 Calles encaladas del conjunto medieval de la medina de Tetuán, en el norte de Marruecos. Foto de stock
==
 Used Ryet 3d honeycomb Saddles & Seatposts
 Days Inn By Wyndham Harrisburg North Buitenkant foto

TASK: Retype only this portion of the data above: the line containing "Used Ryet 3d honeycomb Saddles & Seatposts", the line containing "Days Inn By", and all lines between them, exactly.

ANSWER FOR THIS EXERCISE:
 Used Ryet 3d honeycomb Saddles & Seatposts
 Days Inn By Wyndham Harrisburg North Buitenkant foto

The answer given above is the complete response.